Le président turc Recep Tayyip Erdogan a déclaré samedi s’attendre à ce que le Parlement approuve le rétablissement de la peine capitale après le référendum sur l’extension de ses pouvoirs, une mesure qui couperait court au processus d’adhésion de la Turquie à l’UE.
«Les familles des martyrs, les familles de nos héros ne doivent pas s’inquiéter. Je crois, si Dieu le veut, que le Parlement fera le nécessaire à propos de vos exigences sur la peine capitale après le 16 avril», a précisé M. Erdogan, lors d’un discours prononcé à Canakkale, dans le nord-ouest du pays. Sa signature étant nécessaire pour valider un tel projet de loi du Parlement, il a ajouté qu’il approuverait le texte «sans hésiter».
La peine capitale a été abolie en 2004 dans le cadre de la candidature d’Ankara à l’entrée dans l’Union européenne, et son rétablissement marquerait la fin des négociations sur cette adhésion. «Ce que diront Hans ou Georges ne nous intéresse pas», a ajouté samedi M. Erdogan, utilisant deux prénoms qu’il utilise généralement pour désigner l’Europe. «Que dira mon peuple? Que dira le droit? Voilà ce qui nous importe».
Depuis le putsch avorté du 15 juillet, le président turc a dit à plusieurs reprises qu’il approuverait le rétablissement de la peine de mort en cas de vote du Parlement en ce sens. Il avait même évoqué en février un possible référendum sur le sujet. C’est en revanche la première fois qu’il appelle le Parlement à approuver la restauration de la peine capitale après le vote sur une révision constitutionnelle visant à renforcer les pouvoirs présidentiels, le 16 avril.
« Prétexte »
Les relations entre la Turquie et l’UE se sont fortement dégradées ces dernières semaines après l’interdiction, notamment en Allemagne et aux Pays-Bas, de meetings en faveur du référendum auxquels devaient participer des membres du gouvernement turc.

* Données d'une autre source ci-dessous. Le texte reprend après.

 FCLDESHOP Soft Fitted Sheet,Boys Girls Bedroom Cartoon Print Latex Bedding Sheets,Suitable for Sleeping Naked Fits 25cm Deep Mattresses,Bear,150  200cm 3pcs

Dans une nouvelle salve contre les dirigeants européens, Recep Tayyip Erdogan a reproché samedi à Angela Merkel son soutien aux Pays-Bas. «Honte à vous ! Vous êtes tous les mêmes», a-t-il fustigé. «Quoi que vous fassiez, vous ne ferez pas dévier cette nation de son chemin. Le 16 avril, si Dieu le veut, ma nation donnera (…) à l’Europe la plus belle des réponses à son comportement erroné».
M. Erdogan avait déjà à plusieurs reprises assimilé l’annulation de ces meetings à des pratiques nazies et dénoncé «un esprit de fascisme débridé» en Europe. «Ce qui a été dit ces dernières semaines est si abracadabrant et absurde qu’il est difficile de continuer à les écouter», a estimé le ministre allemand des Affaires étrangères, Sigmar Gabriel, dans un entretien à Der Spiegel.
Selon des analystes, M. Erdogan veut se placer en homme fort face à l’Europe dans l’objectif de séduire l’électorat nationaliste turc. Une opinion que partage M. Gabriel : «Il a besoin d’un ennemi pour sa campagne électorale: la Turquie humiliée et l’Occident hautain.» Le patron des Renseignements extérieurs allemands, Bruno Kahl, a lui, assuré à Der Spiegel que contrairement à ce qu’affirme Ankara, le prédicateur Fethullah Gülen n’est pas à l’origine du putsch raté en juillet en Turquie. «La Turquie a essayé à différents niveaux de nous en convaincre. Mais jusqu’ici elle n’y est pas parvenue».
Les autorités turques accusent Fethullah Gülen, un prédicateur installé aux Etats-Unis d’avoir ourdi la tentative de putsch du 15 juillet 2016, ce que l’intéressé dément catégoriquement. «Le putsch n’était qu’un prétexte bienvenu», a ajouté M. Kahl, à propos des purges d’une ampleur inédite intervenues depuis l’été dernier. Depuis le coup d’Etat manqué, plus de 43 000 personnes ont été arrêtées en Turquie et plus de 100 000 limogées ou suspendues, notamment des professeurs, des policiers et des magistrats.